Museum of Applied Arts
Ödön Lechner’s manifesto for a Hungarian national style: a green-and-gold Zsolnay roof over a white hall where Indian and Islamic forms meet Art Nouveau.
At a glance
The Museum of Applied Arts, the third-oldest museum of its kind in the world, was founded by the Hungarian Parliament in 1872. Its building, raised between 1893 and 1896 to designs by Ödön Lechner and Gyula Pártos, opened for the millennium celebrations marking a thousand years of Hungarian settlement. Lechner set out to invent a distinctly Hungarian architecture, drawing on folk ornament and on Indian and Islamic models, and clad the whole in the glazed ceramics of the Zsolnay factory in Pécs. The roof, in green and yellow tile, is the most recognisable in the city.
Key facts
- Built: 1893–1896
- Architects: Ödön Lechner and Gyula Pártos
- Style: Hungarian Secession (Art Nouveau), with Indian and Islamic influences
- Opened: 1896, for the Hungarian millennium
- Address: Üllői út 33–37, 1091 Budapest, Hungary
- GPS: 47.486111, 19.068333 — Open in Google Maps
- Material: Zsolnay glazed ceramic roof and ornament
History
Parliament established the museum in 1872 to collect the applied arts — furniture, glass, metalwork, ceramics, textiles — on the model of London’s South Kensington (now the Victoria and Albert). Two decades later the institution received a purpose-built home. Lechner, by then the leading figure in the search for a Hungarian national style, won the commission with Pártos and delivered a building unlike anything in Central Europe: structurally up to date, with iron and glass, but dressed in pyrogranite ceramics and folk-derived ornament.
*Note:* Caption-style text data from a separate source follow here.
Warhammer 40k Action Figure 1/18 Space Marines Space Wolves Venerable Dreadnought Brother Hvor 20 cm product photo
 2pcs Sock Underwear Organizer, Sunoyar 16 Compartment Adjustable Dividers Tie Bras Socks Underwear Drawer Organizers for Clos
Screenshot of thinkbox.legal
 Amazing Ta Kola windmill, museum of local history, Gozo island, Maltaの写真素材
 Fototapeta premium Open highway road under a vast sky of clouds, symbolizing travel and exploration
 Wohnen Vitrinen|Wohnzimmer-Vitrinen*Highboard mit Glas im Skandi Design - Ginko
The museum opened in October 1896 in time for the millennial exhibition. It survived the twentieth century, including damage in the Second World War and the 1956 uprising, and remained a working museum of design. In recent years the building has undergone a long restoration of its ceramics and interiors.
What you see
The exterior reads as a single sculptural object: a broad symmetrical front under a great tiled dome, the surfaces patterned in green, yellow and white Zsolnay ceramic that resists soot and rain alike. The detailing — pointed arches, bulbous finials, floral motifs — fuses Hungarian folk art with forms Lechner studied from Indian Mughal architecture.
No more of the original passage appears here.